* _EXERCISE DESCRIPTION_:
Take the line that contains "download all msu" and each line after it to the end of the data below, and set them down exactly, omitting pictures.

(Crawled caption data)

=== Section Start ===

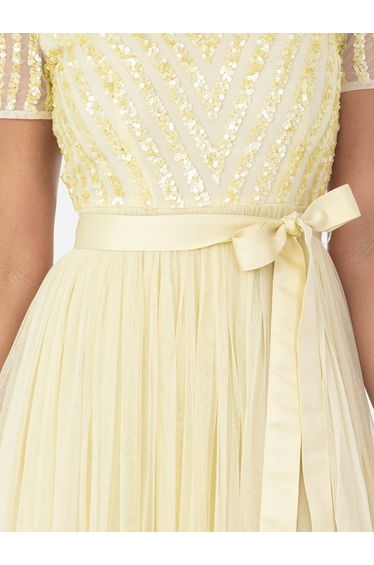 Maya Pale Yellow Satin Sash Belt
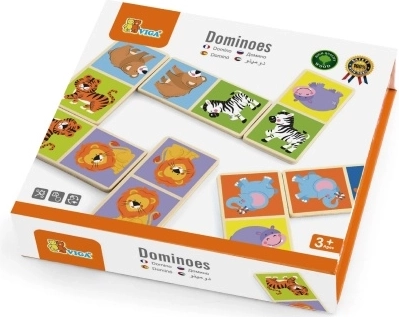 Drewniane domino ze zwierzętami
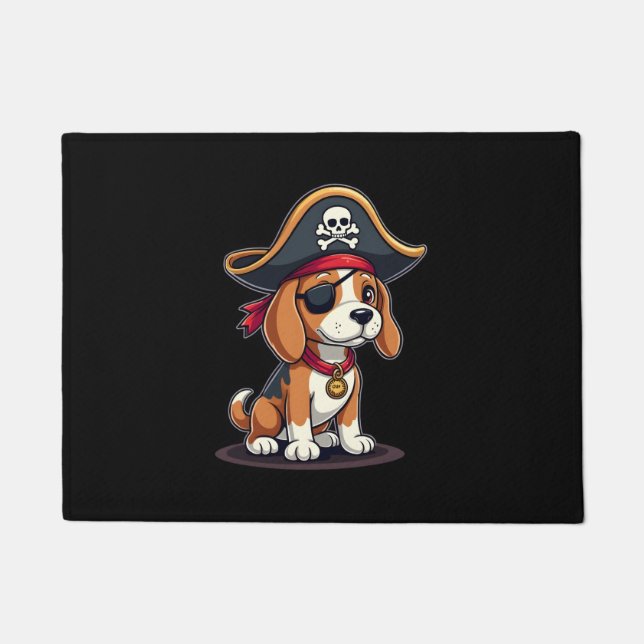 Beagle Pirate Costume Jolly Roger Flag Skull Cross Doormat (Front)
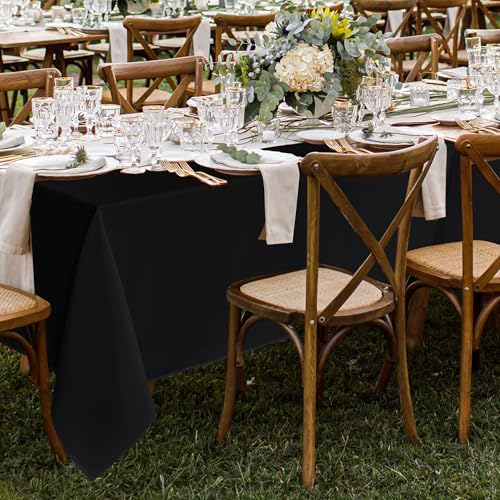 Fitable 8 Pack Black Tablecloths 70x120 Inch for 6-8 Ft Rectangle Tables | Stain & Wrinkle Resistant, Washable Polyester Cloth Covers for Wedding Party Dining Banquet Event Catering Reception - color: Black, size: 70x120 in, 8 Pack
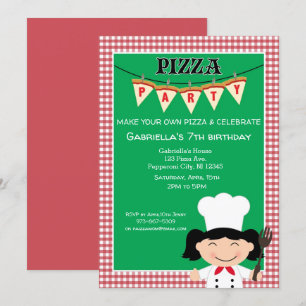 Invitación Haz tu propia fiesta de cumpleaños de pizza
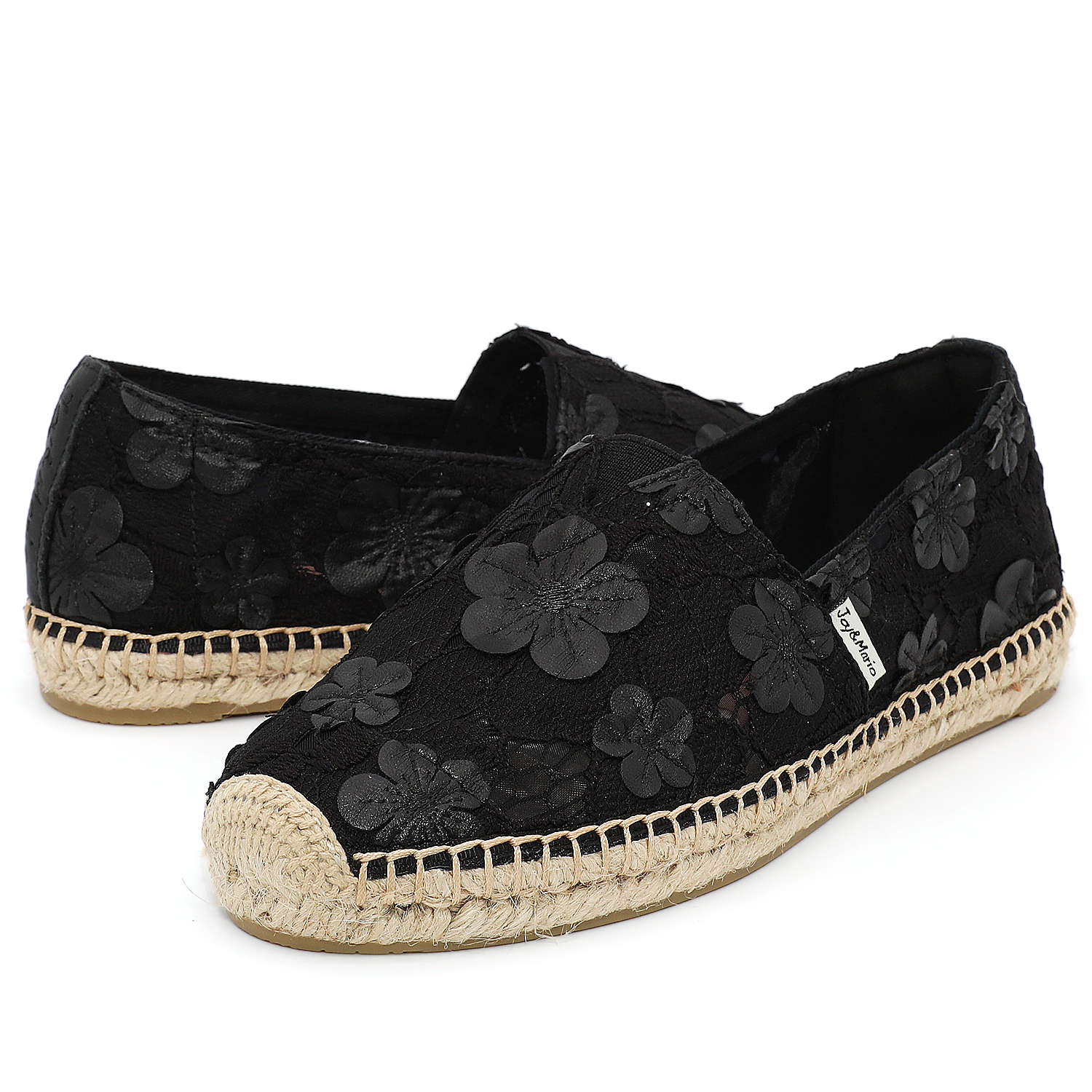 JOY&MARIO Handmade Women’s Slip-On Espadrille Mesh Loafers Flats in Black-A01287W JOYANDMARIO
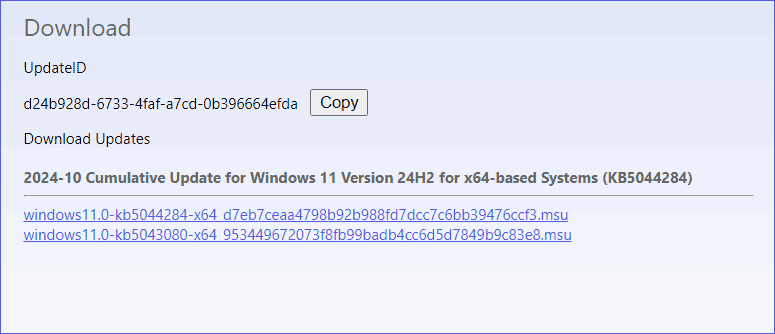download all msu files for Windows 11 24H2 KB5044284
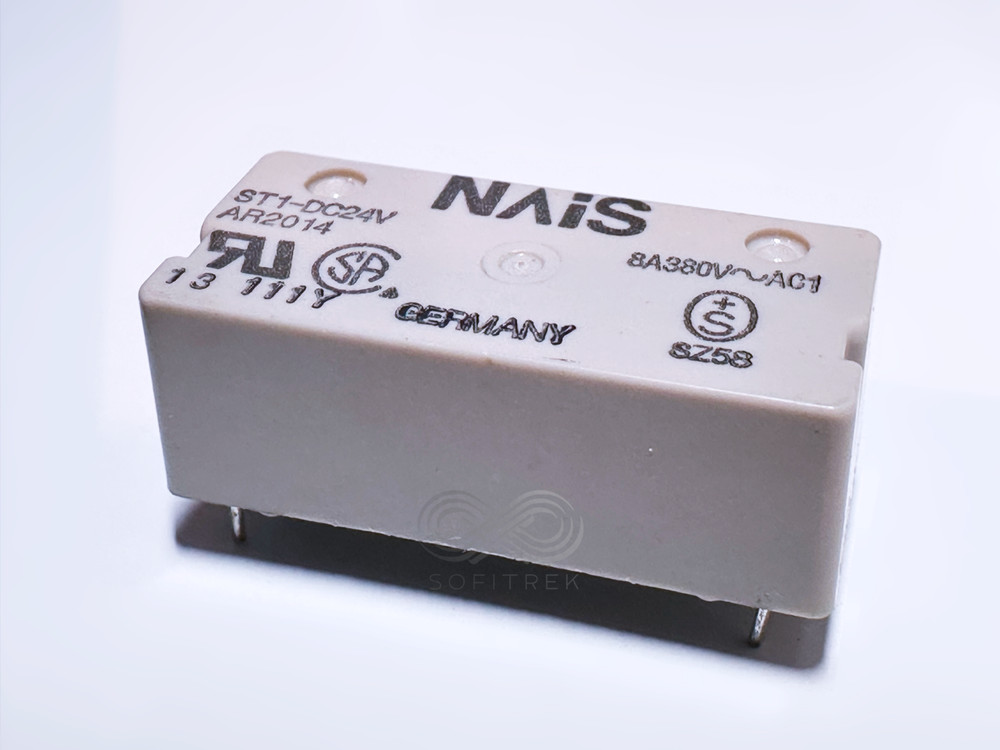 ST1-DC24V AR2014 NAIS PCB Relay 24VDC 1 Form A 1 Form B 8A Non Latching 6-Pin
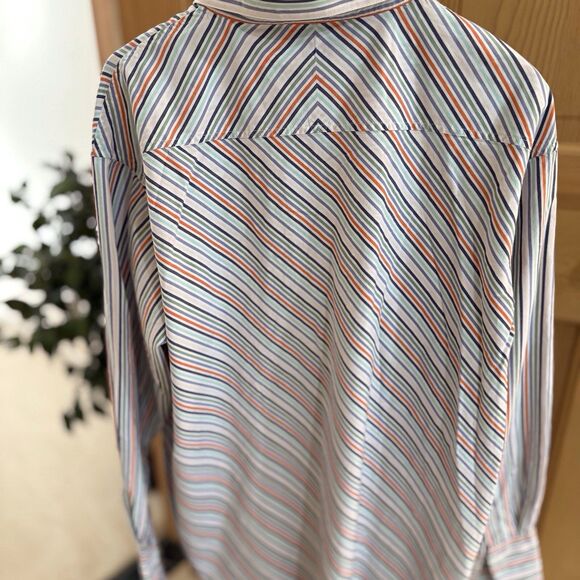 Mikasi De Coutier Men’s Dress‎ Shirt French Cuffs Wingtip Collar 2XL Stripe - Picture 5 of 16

=== Section End ===

* _TASK RESPONSE_:
download all msu files for Windows 11 24H2 KB5044284
 ST1-DC24V AR2014 NAIS PCB Relay 24VDC 1 Form A 1 Form B 8A Non Latching 6-Pin
 Mikasi De Coutier Men’s Dress‎ Shirt French Cuffs Wingtip Collar 2XL Stripe - Picture 5 of 16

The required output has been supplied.